* INFORMATION GIVEN:
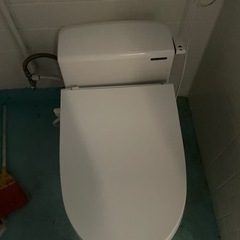 新型トイレ、キッチン、テーブル売ります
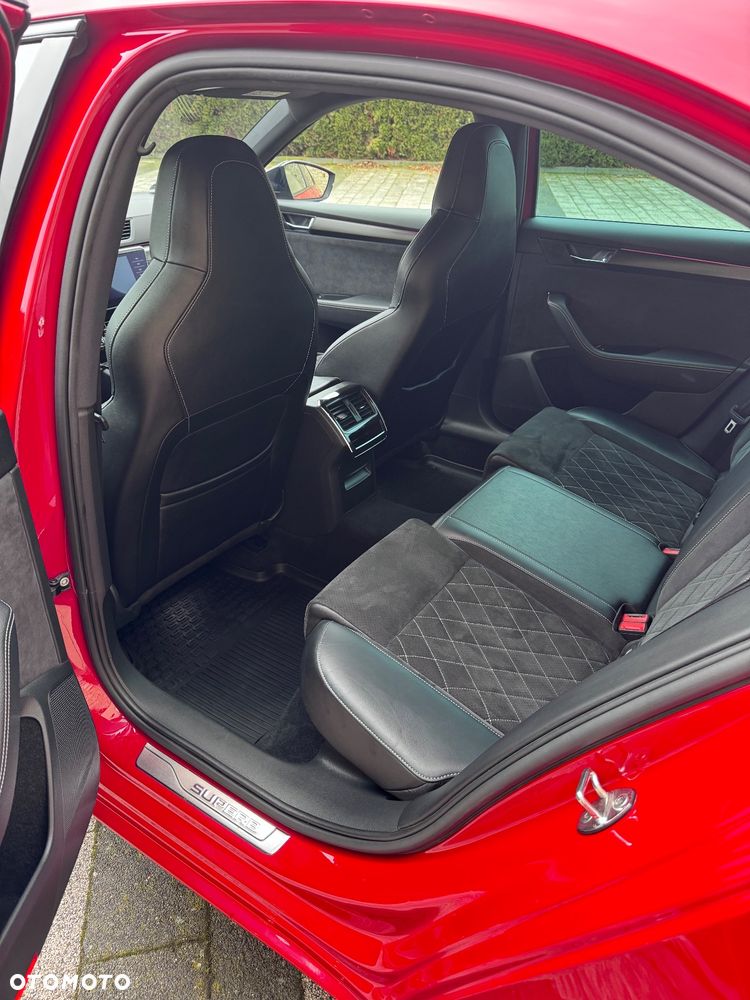 Skoda Superb 2.0 TDI SCR 4x4 Sportline DSG - 8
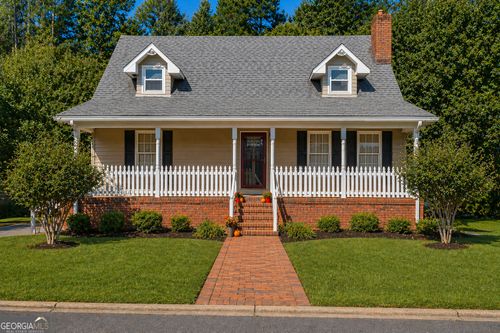 97 Estatohe Cir, Toccoa, GA, 30577-8360 | Card Image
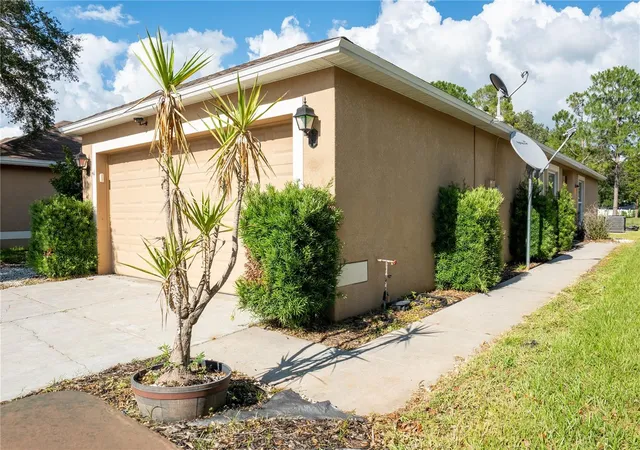 Photo 3 of Single family home for sale at 9139 Southern Charm Cir, Brooksville, FL 34613 | MLS# TB8519276 | Listing updated on 2026-08-30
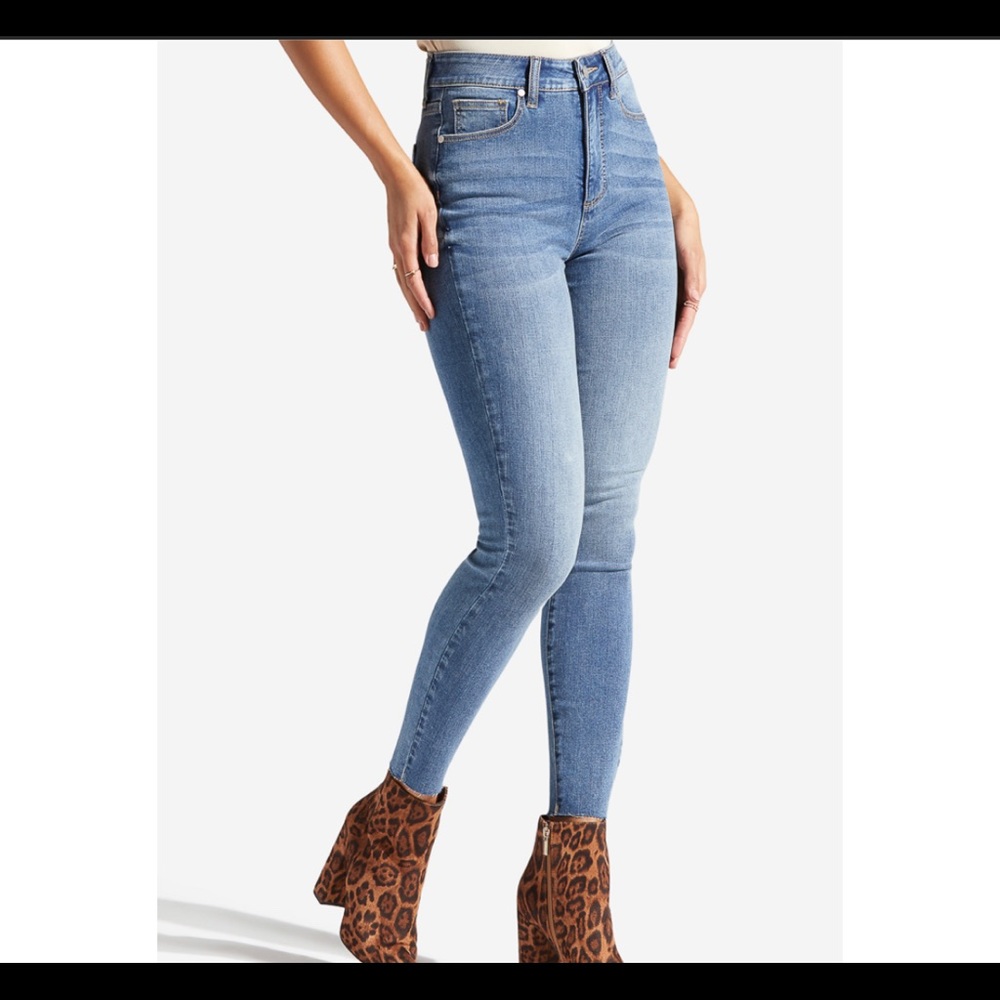 Highwaist Tummy Tamer Med Raw Hem, size 28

* WHAT THE TASK ASKS:
All lines from the first in the listing above to the line containing "Photo 3 of Single", inclusive, go in the output exactly as they are; no pictures go in.

* SOLUTION TO THE PROBLEM:
 新型トイレ、キッチン、テーブル売ります
 Skoda Superb 2.0 TDI SCR 4x4 Sportline DSG - 8
 97 Estatohe Cir, Toccoa, GA, 30577-8360 | Card Image
 Photo 3 of Single family home for sale at 9139 Southern Charm Cir, Brooksville, FL 34613 | MLS# TB8519276 | Listing updated on 2026-08-30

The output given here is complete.